▶ **MATERIAL FOR THIS EXERCISE**:
_ _ _ _

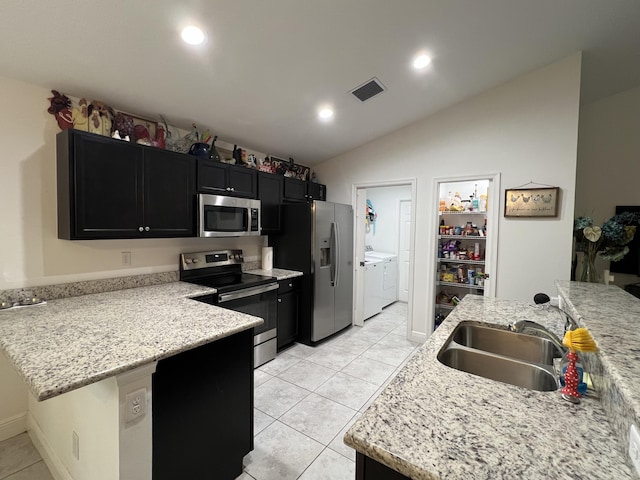 kitchen with appliances with stainless steel finishes, washer and dryer, lofted ceiling, sink, and light stone counters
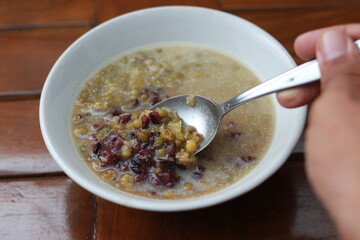 a close up of a bowl of green bean porridge and black sticky rice doused in coconut milk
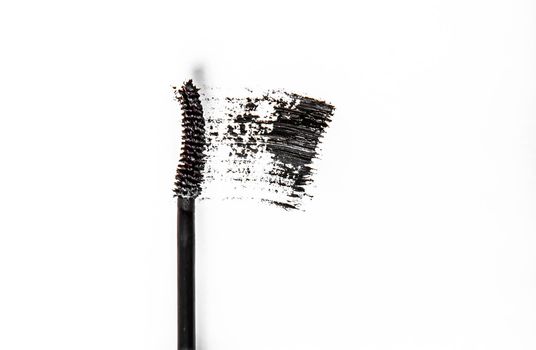 Beauty texture, cosmetic product and art of make-up concept - Black mascara brush stroke close-up isolated on white background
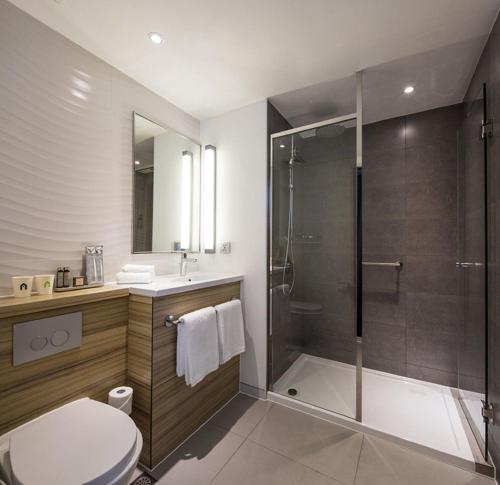 La salle de bains est pourvue d'une douche, de toilettes et d'un lavabo. dans l'établissement Campanile Le Mans Centre - Gare, au Mans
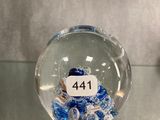 a glass ornament with a snowman inside of it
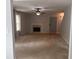 Spacious living room with a fireplace, neutral carpet, and a gray front door at 5425 Village Green Sq, Norcross, GA 30093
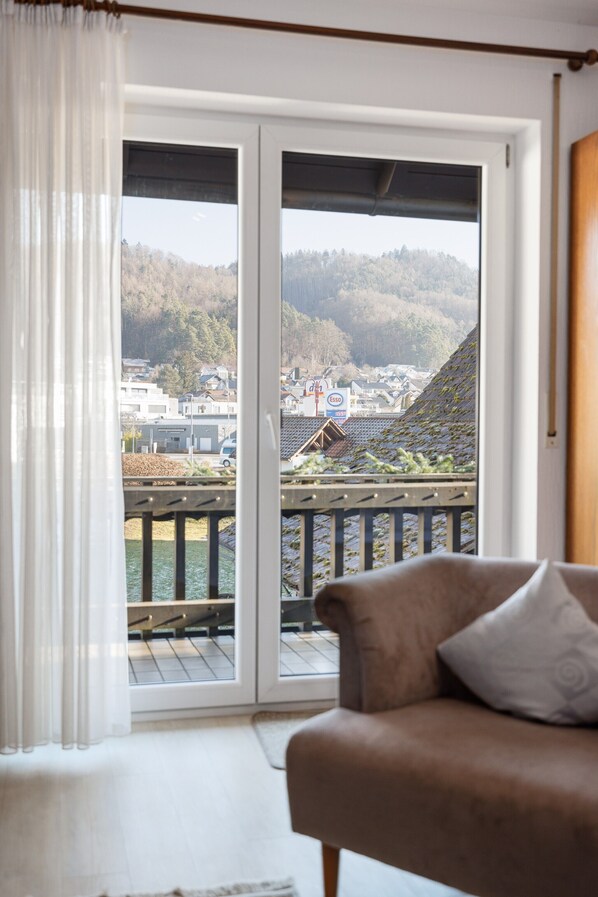 A room with a sliding glass door leading to a balcony with a view of a town and hills.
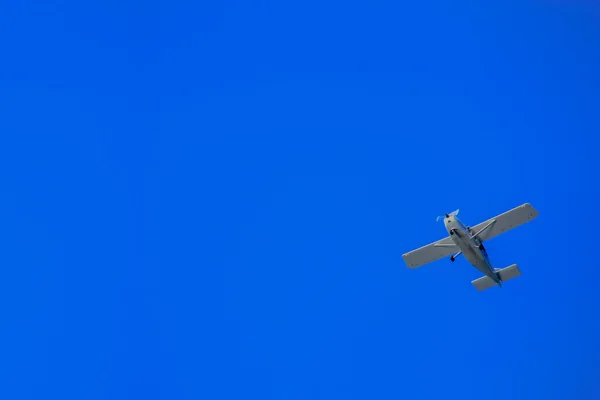 Small airplane and sky blue.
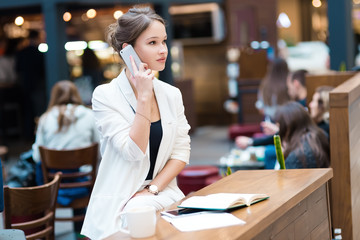 Young, beautiful girl in a white suit, sitting in the cafe at th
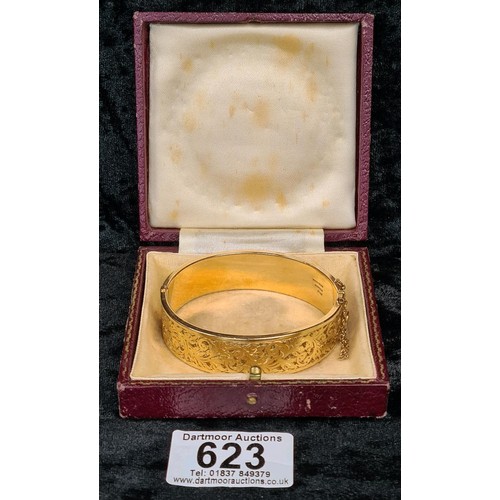 623 - 9ct gold plated decorative hinged bangle with security chain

_ _ _ _

▶ **TASK ITEM**: Leaving all pictures aside, print exactly the lines from the one that contains "Small airplane and sky blue." through the last line of the data above, inclusive.

▶ **SOLUTION TO THIS PROBLEM**:
 Small airplane and sky blue.
 Young, beautiful girl in a white suit, sitting in the cafe at th
 623 - 9ct gold plated decorative hinged bangle with security chain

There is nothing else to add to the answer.